If you post the errors and the logs, I might be able to help you with them.

Hi Michael,

Thanks for your valuable inputs and suggestions!

Quick updates and a few follow-up questions from my side:

  1. The CSD timeouts we’re seeing now are mostly limited to key_value_sync_write_in_progress, with other timeout types becoming very minimal after we increased the sleep time. However, we still notice these timeouts even when a single mutate_in operation updates just 3–4 paths. Is there anything else I should be checking or tweaking? Any ideas or alternatives to fix this issue?

  2. Would you recommend reducing the kv_timeout to 16 seconds instead of the current 36 seconds to better handle these operations?

  3. Is there any supported way to update more than 16 paths in a single mutate_in call for CSD?

  4. I haven’t yet tried logging the connection purely via the options block — I’ll test that shortly and share the logs for better insights.

Just for context:
We’re using FastAPI for the API layer, where the Couchbase cluster and buckets are initialized during application startup and reused across all endpoint calls.
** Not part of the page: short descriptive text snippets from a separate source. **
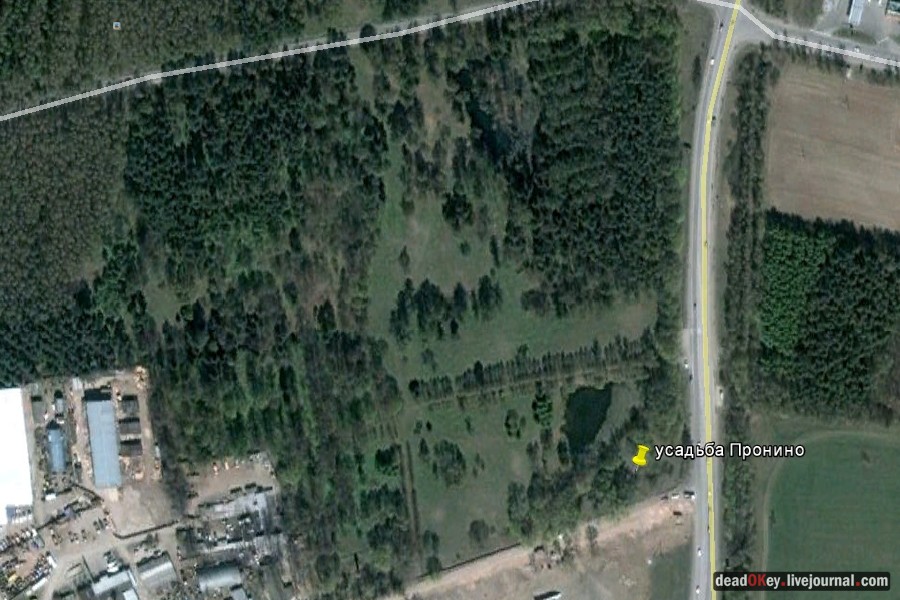 усадьба Пронино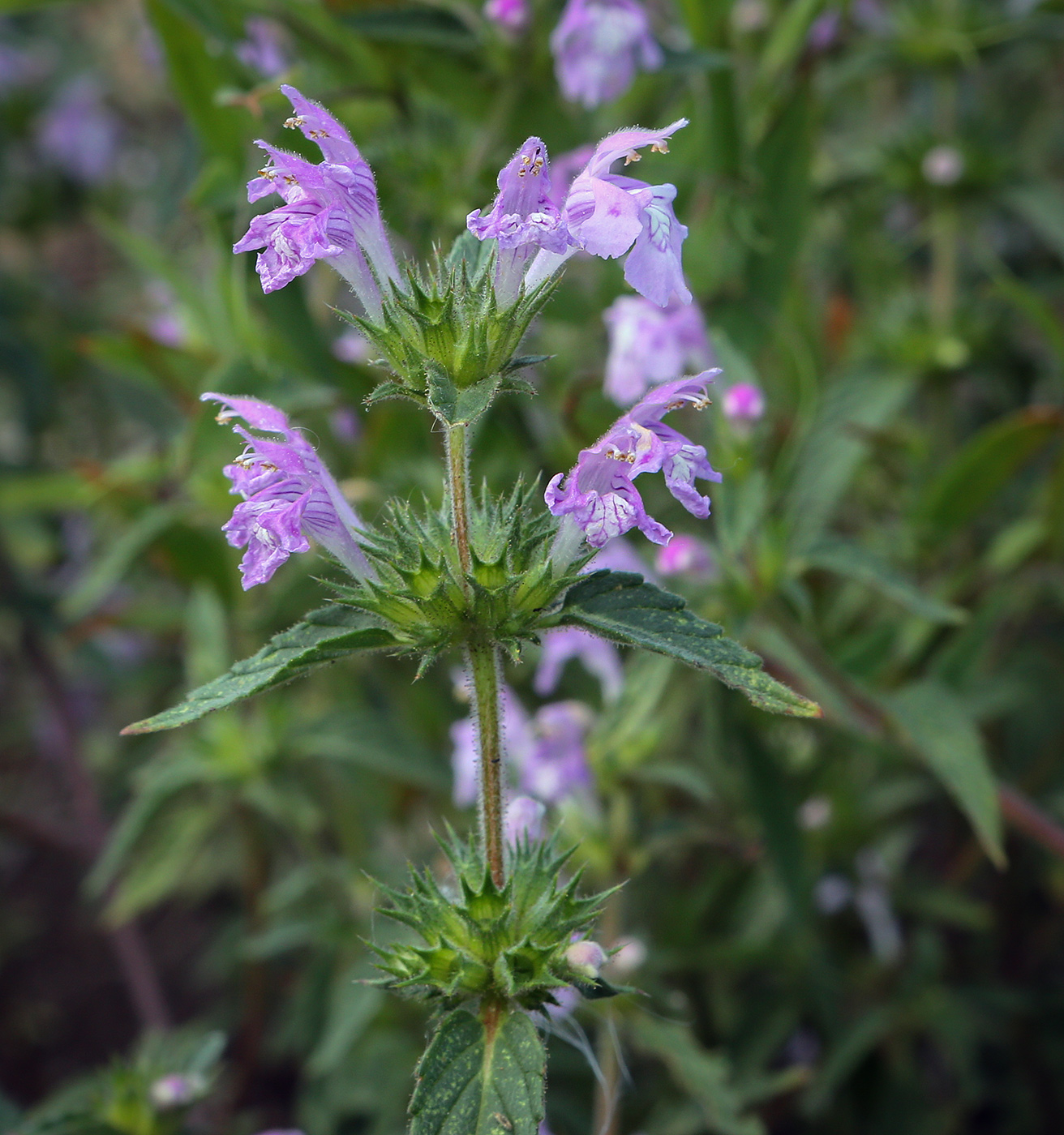 Изображение особи Galeopsis ladanum.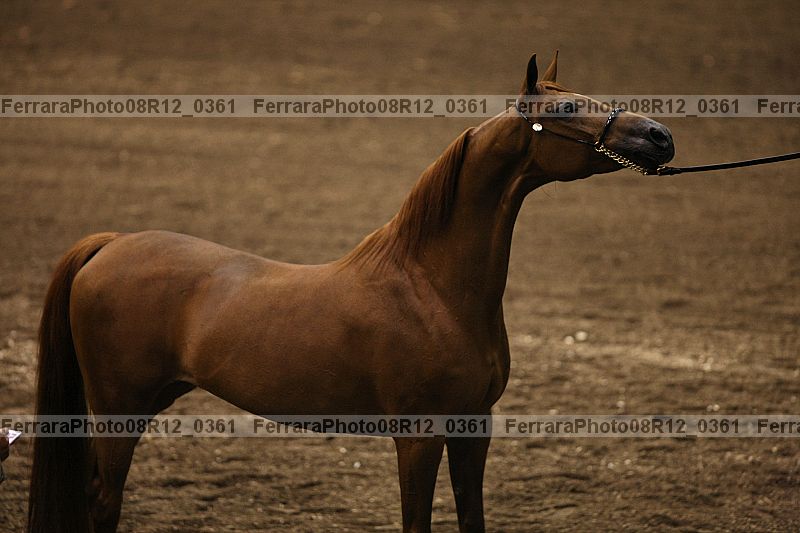 Proof 08r12_0361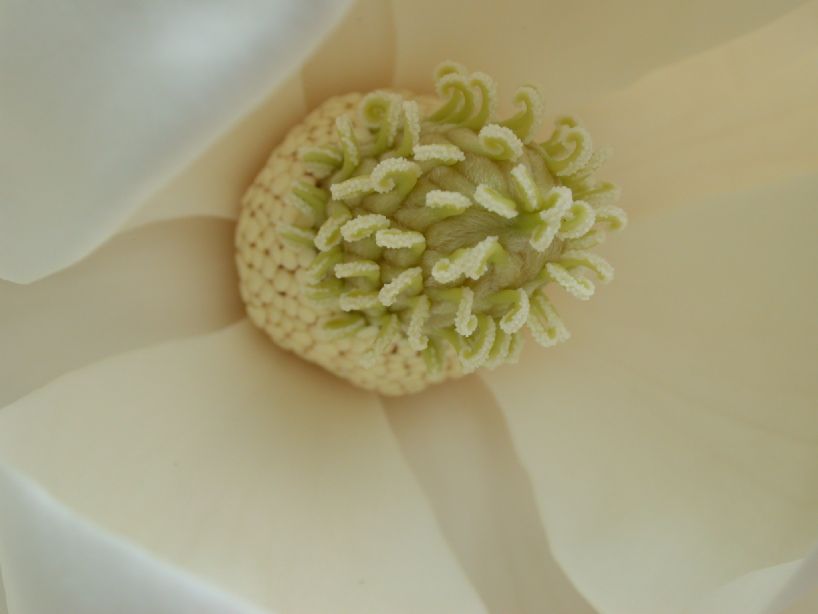 Magnoliaceae Magnolia grandiflora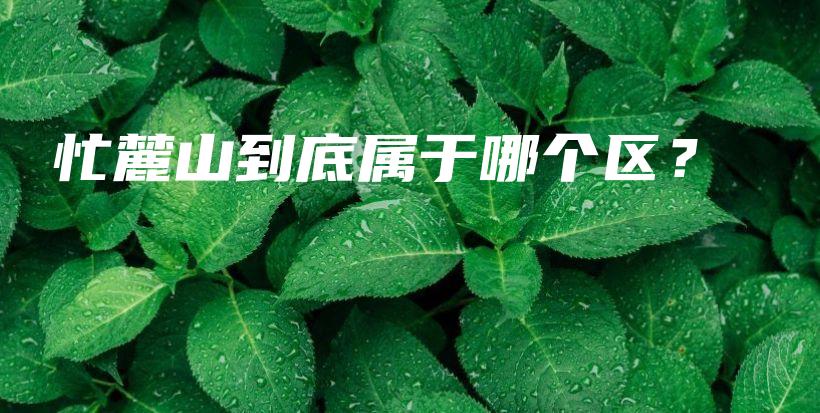 忙麓山到底屬于哪個區(qū)？插圖
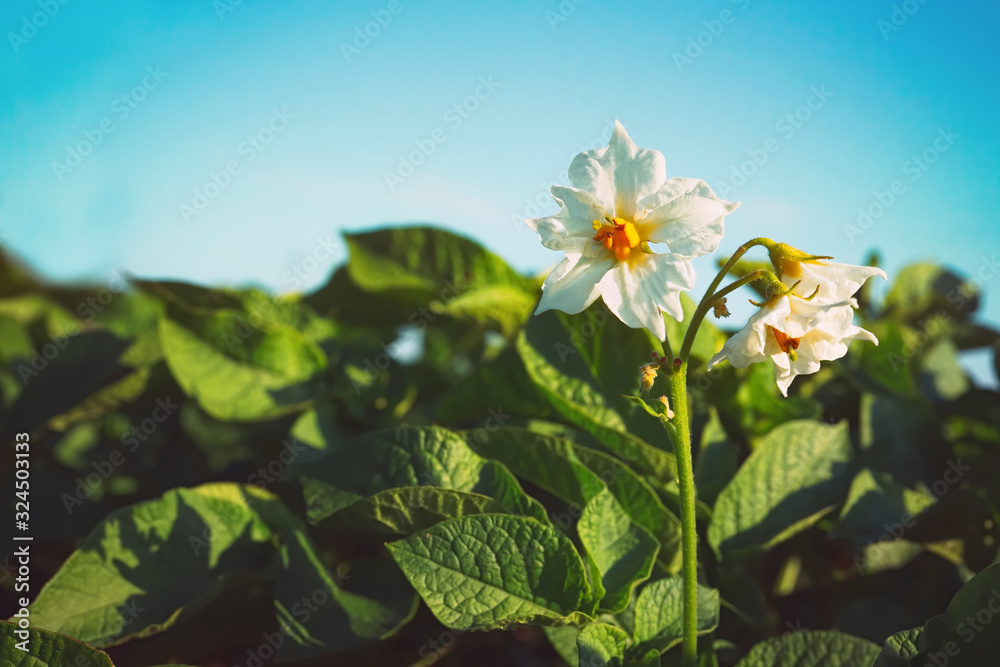 生长中的土豆开花。大的白色土豆花，蓝天背景上有新鲜的绿色叶子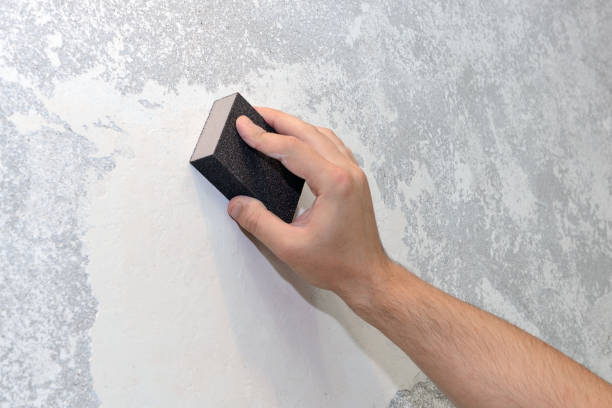 Best Water Damage & Mold Remediation  in Barre, VT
There is a good enough time between the connection creation time and the first use.

Thanks again for your help! Let me know if you require additional info.

without seeing the code, I have to make some deductions and guesses that I would not have to make if I could see the code.
I was guessing that the timeouts are mostly due to having a large number of concurrent requests. The best way to control that is to count them with a counting semaphore that would block when that count is reached. Given that the timeouts are on key_value_sync_write_in_progress - that indicates that the calls have a Durability specified - is that needed for your application? If the calls do not wait for the durability to be satisfied, the calls will be much, much faster. A kv operation can take less than a microsecond (not millisecond, microsecond) on the server. The SDK timeouts also include the network round-trip. Still,16 seconds is an eternity. The default is 2.5 seconds.
There is no way to update more than 16 paths - that limitation is in the server. The reason being that there is complexity to handling the atomicity and that becomes excessive beyond a small number of paths. (I wonder if this might be making subdoc operations with multiple paths that specify durability excessively long).

Hi, I’ve shared the code here — solving this could potentially help us address some of the other related issues as well.

The errors are primarily being raised inside the save_vtlist coroutine.

For reference, the cluster and bucket initialization happens in the __init__.py
I’ve copied the relevant parts as docstrings in the file itself. Let me know if you need any additional information.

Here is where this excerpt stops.